Moldova’s central bank, the National Bank of Moldova (BNM), made the second deep 3 percentage point (pp) rate cut this year on March 20, bringing the refinancing rate down to 14% from 20% within a couple of months.
Consumer price inflation dropped from nearly 35% y/y in October to under 25% y/y in February and the BNM expects it to drop down to 6.6% by the end of the year.
February inflation was 1pp above the BNM’s expectations, which, however, did not prevent the second aggressive rate cut, mainly because the deviation was explained by administrated prices as opposed to CORE inflation.
The rapid interest rate adjustment took place amid the background of disappointing Q4 GDP figures: the country’s economy faces a double-digit contraction for the second consecutive quarter.
A major underlying factor for both inflation and the economic contraction is the domestic demand that has particularly weakened. Both private consumption and the aggregated wages in the country contracted by over 10% y/y in Q4.

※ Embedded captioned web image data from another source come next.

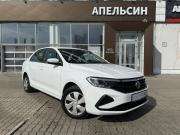 Volkswagen Polo VI Набережные Челны  - изображение 18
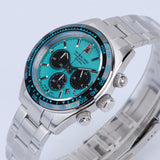 Tactical Frog VS75 Solar Chronograph Watch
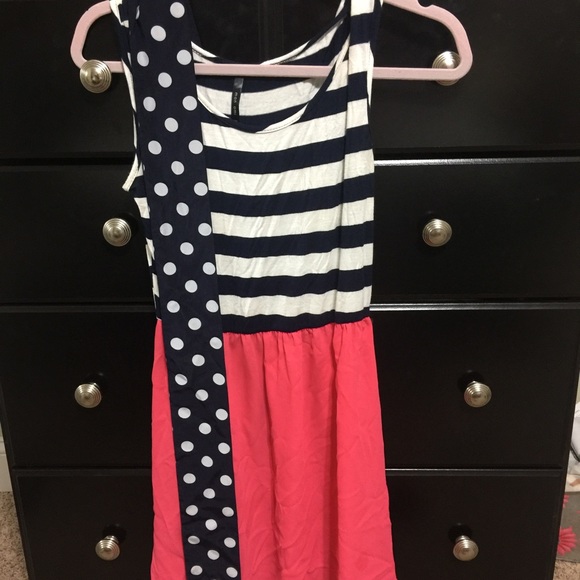 Multi purpose dress
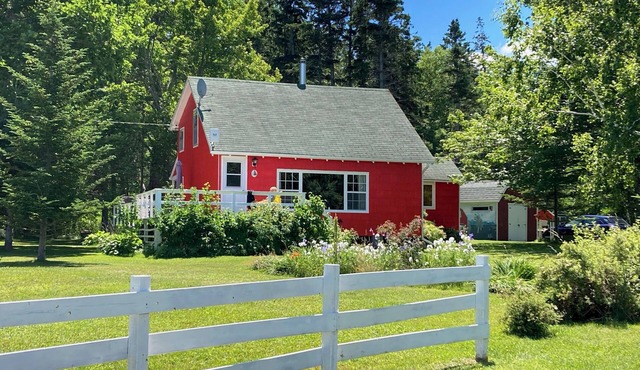 The Mac-Inn in Amherst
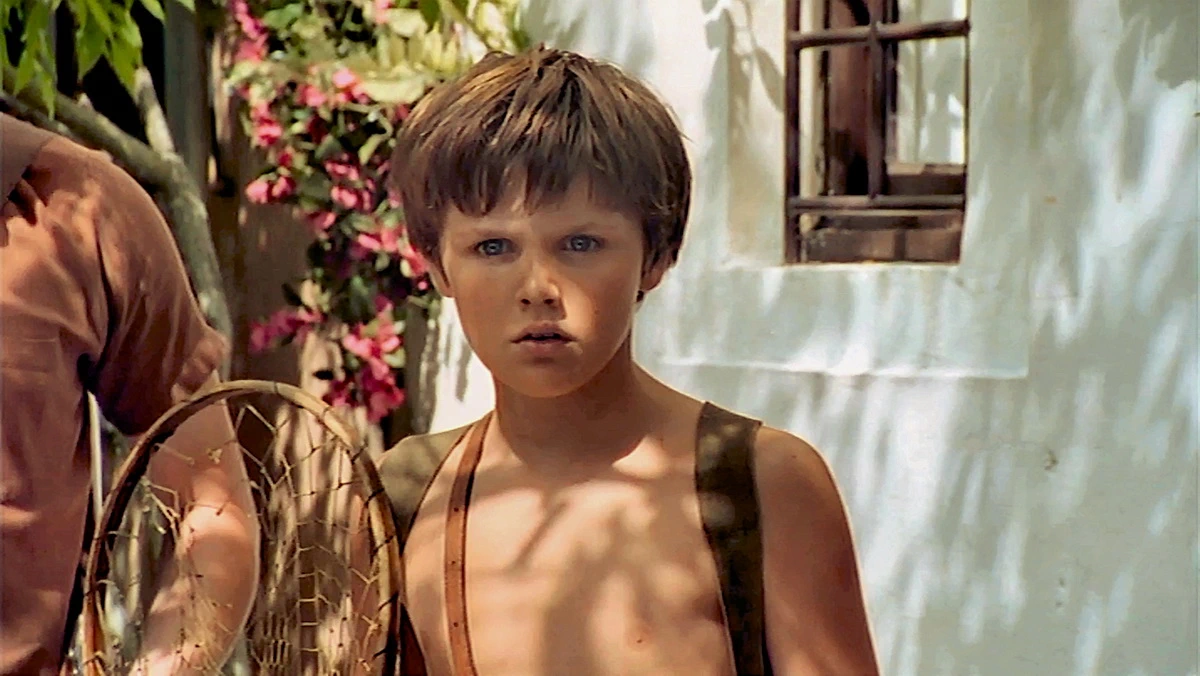 Eugene Simon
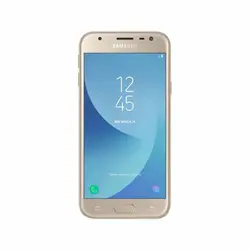 گوشی موبایل سامسونگ گلکسی مدل Samsung Galaxy J3 Pro LTE SM-J330F/DS دو سیم کارت ظرفیت 16 گیگابایت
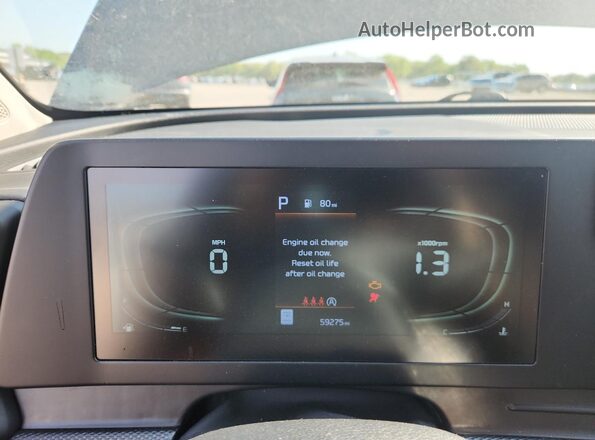 KNDPU3DF5R7304061 2024 KIA SPORTAGE Gray 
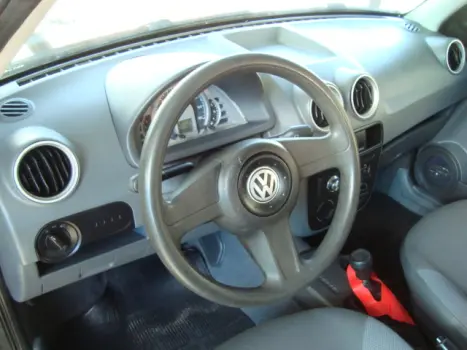 VOLKSWAGEN Gol 1.0 4P G4 FLEX, Foto 4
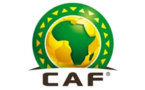 ​CHAN 2018: Egypte-Maroc en août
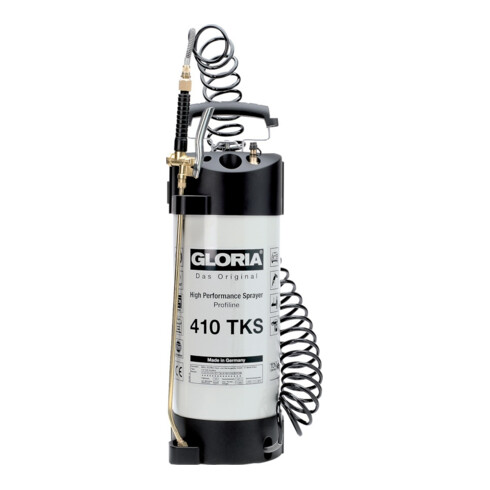 GLORIA Pulvérisateur haute performance 410 TKS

Subdued demand will remain a significant driver for inflation in the coming quarters, but will not be the only one. The BNM cited sluggish external demand, base effects and moderate energy prices globally among other drivers.
The last two rate cuts had an asymmetric impact on the interest rates in Moldova – deposit interest rates decreased, as expected, but loan interest rates increased marginally.
The weighted average rate on deposits was 11.1% in February 2023, 1.94pp less compared to January 2023, while the average loan interest rate was 14.34%, 0.08pp more compared to January.